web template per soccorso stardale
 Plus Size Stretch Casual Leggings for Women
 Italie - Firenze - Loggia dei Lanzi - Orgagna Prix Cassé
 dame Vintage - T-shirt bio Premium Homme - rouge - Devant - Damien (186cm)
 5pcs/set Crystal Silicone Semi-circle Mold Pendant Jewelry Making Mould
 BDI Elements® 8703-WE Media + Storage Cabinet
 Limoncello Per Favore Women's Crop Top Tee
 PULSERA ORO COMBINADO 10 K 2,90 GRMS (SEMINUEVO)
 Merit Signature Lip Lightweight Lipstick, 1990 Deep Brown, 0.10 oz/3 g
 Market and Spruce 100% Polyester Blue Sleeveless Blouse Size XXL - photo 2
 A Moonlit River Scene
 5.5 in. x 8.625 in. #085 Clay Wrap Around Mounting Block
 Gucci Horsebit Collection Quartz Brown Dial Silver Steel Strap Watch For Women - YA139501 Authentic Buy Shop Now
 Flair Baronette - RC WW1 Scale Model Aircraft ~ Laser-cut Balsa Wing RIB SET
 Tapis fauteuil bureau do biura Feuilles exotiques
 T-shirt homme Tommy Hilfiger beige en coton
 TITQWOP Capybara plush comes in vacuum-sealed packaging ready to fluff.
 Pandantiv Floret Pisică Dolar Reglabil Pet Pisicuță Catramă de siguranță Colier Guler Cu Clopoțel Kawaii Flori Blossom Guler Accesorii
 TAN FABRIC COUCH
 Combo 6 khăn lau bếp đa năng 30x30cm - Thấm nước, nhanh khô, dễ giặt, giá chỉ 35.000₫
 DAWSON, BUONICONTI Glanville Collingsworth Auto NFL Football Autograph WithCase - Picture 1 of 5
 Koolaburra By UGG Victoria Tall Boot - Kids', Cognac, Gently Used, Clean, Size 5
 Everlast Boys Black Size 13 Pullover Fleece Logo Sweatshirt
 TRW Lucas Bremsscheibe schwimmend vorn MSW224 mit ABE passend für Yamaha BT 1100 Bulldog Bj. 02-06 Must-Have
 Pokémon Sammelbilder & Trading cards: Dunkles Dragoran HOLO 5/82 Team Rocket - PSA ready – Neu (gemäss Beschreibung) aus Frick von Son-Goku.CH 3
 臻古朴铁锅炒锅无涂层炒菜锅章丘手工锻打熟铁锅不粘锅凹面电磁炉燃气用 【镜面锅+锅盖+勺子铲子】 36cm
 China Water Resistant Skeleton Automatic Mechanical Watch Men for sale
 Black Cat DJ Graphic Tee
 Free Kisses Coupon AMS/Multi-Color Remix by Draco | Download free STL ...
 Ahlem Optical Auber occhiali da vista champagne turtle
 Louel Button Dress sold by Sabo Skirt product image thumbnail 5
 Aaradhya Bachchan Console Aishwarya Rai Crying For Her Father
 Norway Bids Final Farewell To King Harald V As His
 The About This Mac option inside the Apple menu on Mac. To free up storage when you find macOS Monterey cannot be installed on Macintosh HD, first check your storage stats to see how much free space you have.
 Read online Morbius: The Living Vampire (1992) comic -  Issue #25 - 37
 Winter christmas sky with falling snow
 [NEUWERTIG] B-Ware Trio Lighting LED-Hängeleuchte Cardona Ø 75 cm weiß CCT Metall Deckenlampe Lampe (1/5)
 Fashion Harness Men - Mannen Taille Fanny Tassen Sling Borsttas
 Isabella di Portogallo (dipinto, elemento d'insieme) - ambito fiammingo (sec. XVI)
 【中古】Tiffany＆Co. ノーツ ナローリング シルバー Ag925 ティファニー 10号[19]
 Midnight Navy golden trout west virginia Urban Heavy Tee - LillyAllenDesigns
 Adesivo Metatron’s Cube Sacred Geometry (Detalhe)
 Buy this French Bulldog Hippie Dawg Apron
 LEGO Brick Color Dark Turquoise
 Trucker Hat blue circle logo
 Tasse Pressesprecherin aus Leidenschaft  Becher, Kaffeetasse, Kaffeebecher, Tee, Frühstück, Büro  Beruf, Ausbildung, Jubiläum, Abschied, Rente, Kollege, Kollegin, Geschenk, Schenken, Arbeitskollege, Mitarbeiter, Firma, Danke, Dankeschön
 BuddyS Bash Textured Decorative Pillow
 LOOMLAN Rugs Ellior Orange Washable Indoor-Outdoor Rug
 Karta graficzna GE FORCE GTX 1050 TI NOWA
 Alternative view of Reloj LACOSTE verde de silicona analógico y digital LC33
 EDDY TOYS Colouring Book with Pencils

(EXERCISE DESCRIPTION): Where a line of the data above includes "Bulldog", copy that line.

(WRITTEN RESPONSE):
 TRW Lucas Bremsscheibe schwimmend vorn MSW224 mit ABE passend für Yamaha BT 1100 Bulldog Bj. 02-06 Must-Have
 Buy this French Bulldog Hippie Dawg Apron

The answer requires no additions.